──────── Data

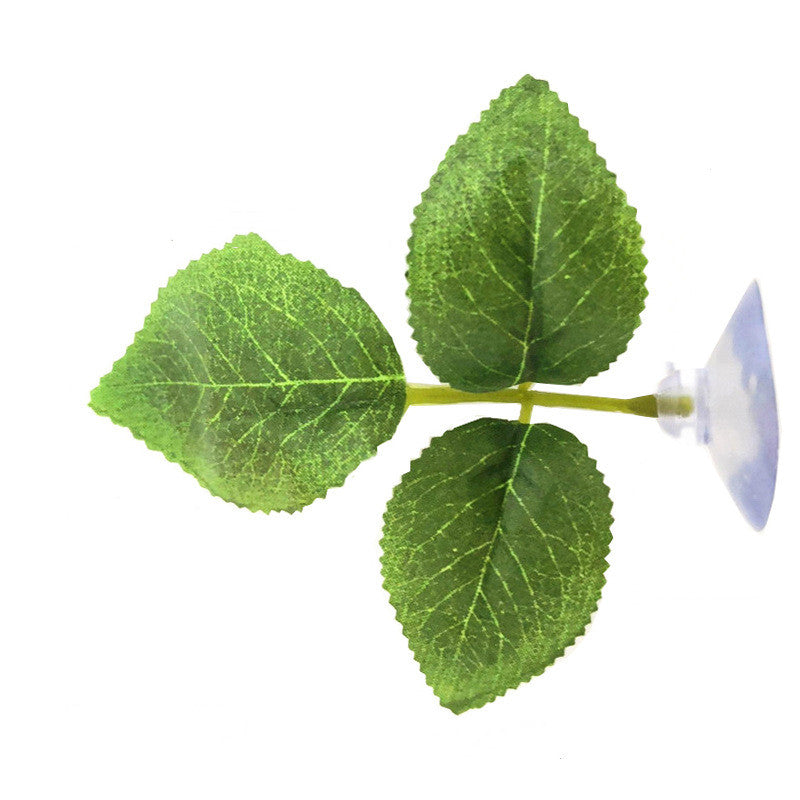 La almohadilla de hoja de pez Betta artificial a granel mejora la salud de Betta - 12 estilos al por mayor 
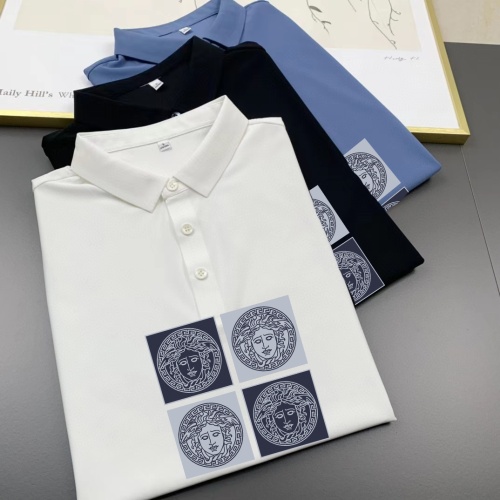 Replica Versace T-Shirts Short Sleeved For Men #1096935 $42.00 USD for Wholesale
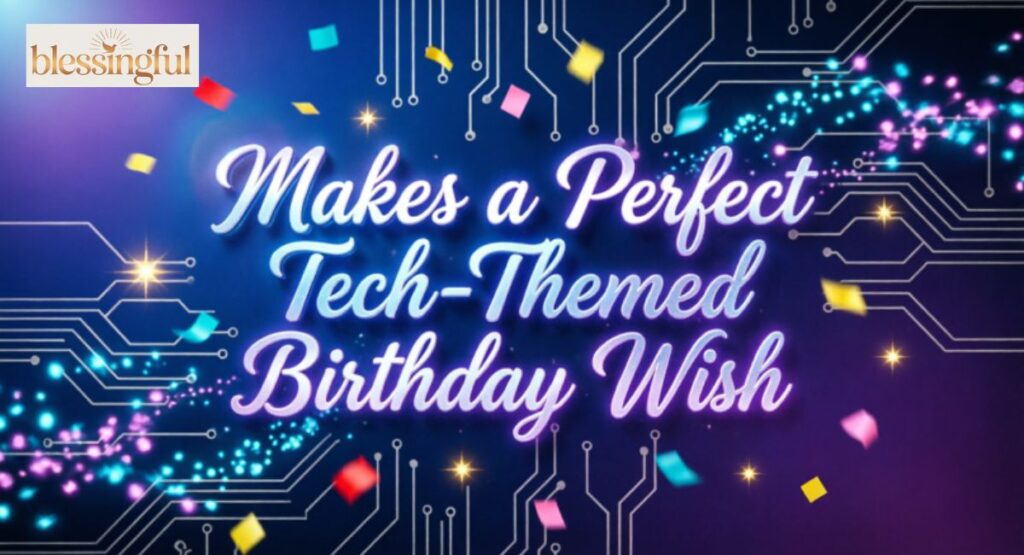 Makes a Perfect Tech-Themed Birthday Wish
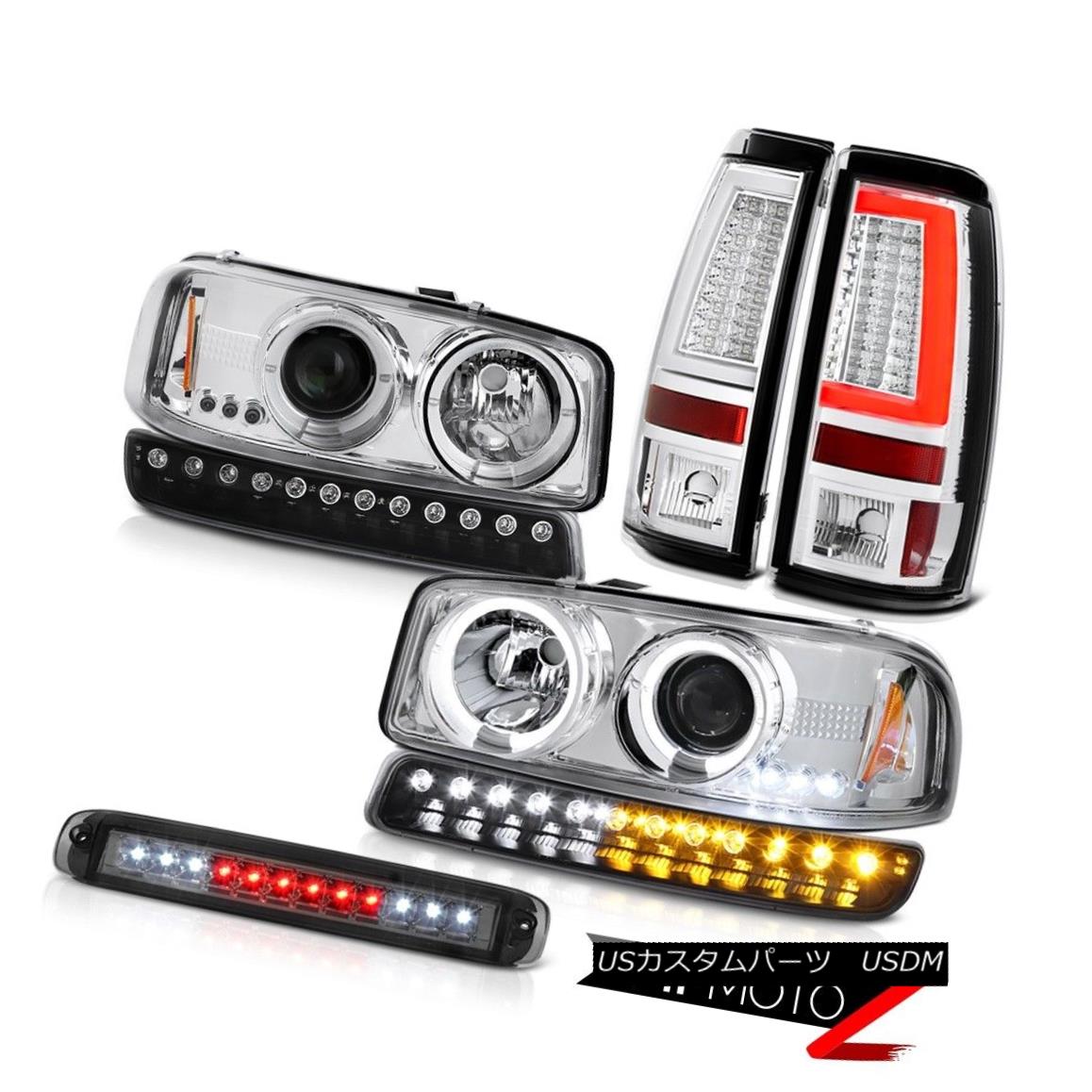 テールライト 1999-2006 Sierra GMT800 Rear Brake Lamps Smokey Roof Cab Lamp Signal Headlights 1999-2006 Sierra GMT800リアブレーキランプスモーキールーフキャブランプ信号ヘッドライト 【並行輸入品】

────────────────
──────── Data

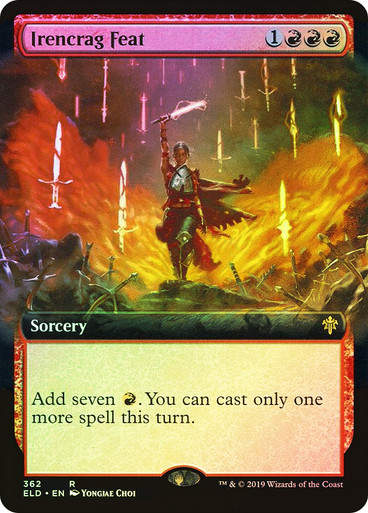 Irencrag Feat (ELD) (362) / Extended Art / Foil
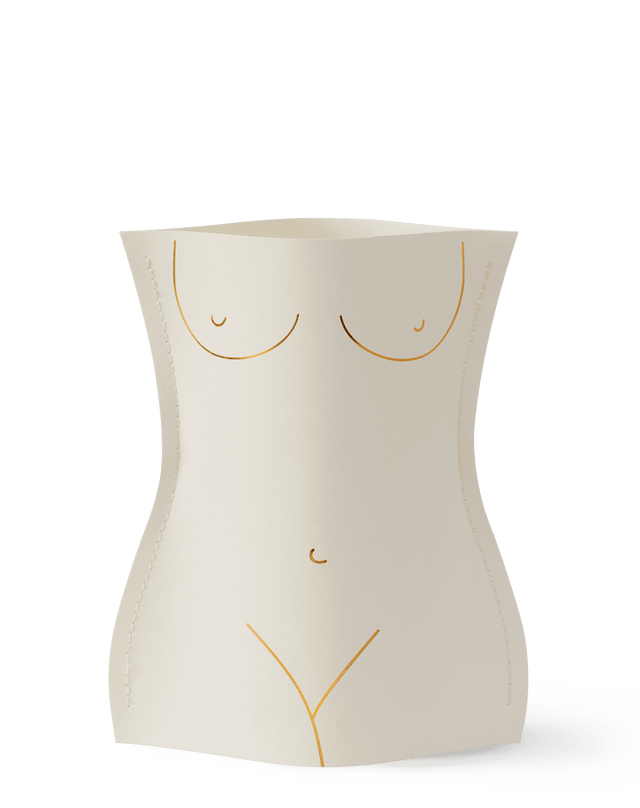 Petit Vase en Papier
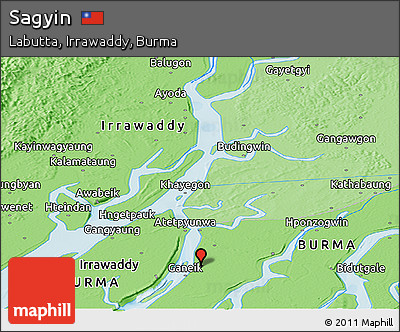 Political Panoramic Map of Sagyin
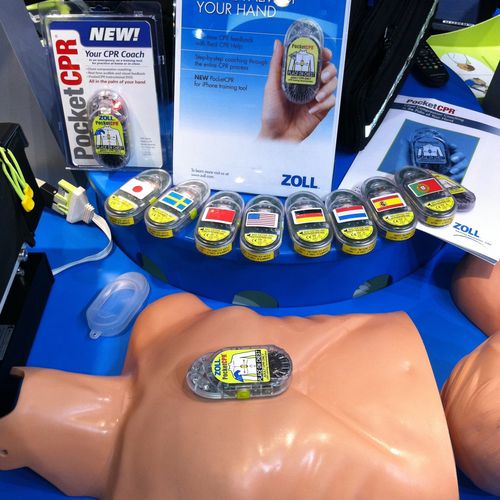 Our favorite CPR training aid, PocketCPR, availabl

────────────────

• What the task requires
What is wanted is an exact copy of the lines above from the one containing "Political Panoramic Map of Sagyin" through the one containing "Our favorite CPR", with no pictures in it.

• Output
 Political Panoramic Map of Sagyin
 Our favorite CPR training aid, PocketCPR, availabl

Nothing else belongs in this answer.